Pro: Boycott will force Arizonans to face the consequences of action
Call it walking without documents, shopping while brown, or driving while listening to ranchera music: Arizona police soon can arrest you based upon a “reasonable suspicion” about your immigration status.
The good citizens of Arizona also will be able to sue their local police departments if they fear the officers are not performing this public service.
And if, like four-term Democratic Rep. Raul Grijalva, you dare speak out against this legislation, you will be compelled to close your office doors because of credible death threats. So much for the First, Fourth, Fifth and Fourteenth amendments in Arizona! Apart from the international humiliation and scorn Arizona will suffer and the lawsuits against which it will have to defend, a nationally orchestrated boycott should finally bring home to Arizona that one illegal turn does not deserve another.
Boycotts have a long, laudable history in this country.

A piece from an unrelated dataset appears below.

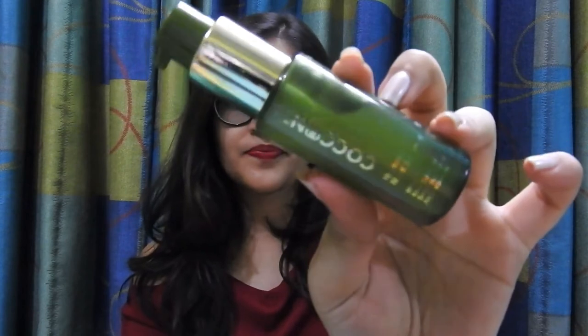Hey guys, I'm Nidushree Singh and welcome back to my channel The Diva Soul. Today's video is a review video and I'll be reviewing a product that I've been using for the past one month. The product is a night serum called Cocoon Hydrating Night Serum. Along with the review, I'm going to tell you how you can select the perfect serum for yourself. So let's begin.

The United States first declared its independence from England by boycotting English goods before the American Revolution.
The long journey to true equality for blacks was paved in part with the Montgomery, Ala., bus boycott. The rights of farm workers to union representation and protection from exploitation germinated from boycotts of lettuce and grapes.
One might even say boycotts are as American as apple pie, or as baseball, with 30 percent of its players potentially subject to “reasonable suspicion” if they participate in next year’s spring training or the 2011 All-Star Game in Phoenix.
Not only may baseball abandon the state. Cities as diverse as Milwaukee, San Francisco, Carson City, Nev., and the District of Columbia have approved, or are seriously contemplating, a boycott.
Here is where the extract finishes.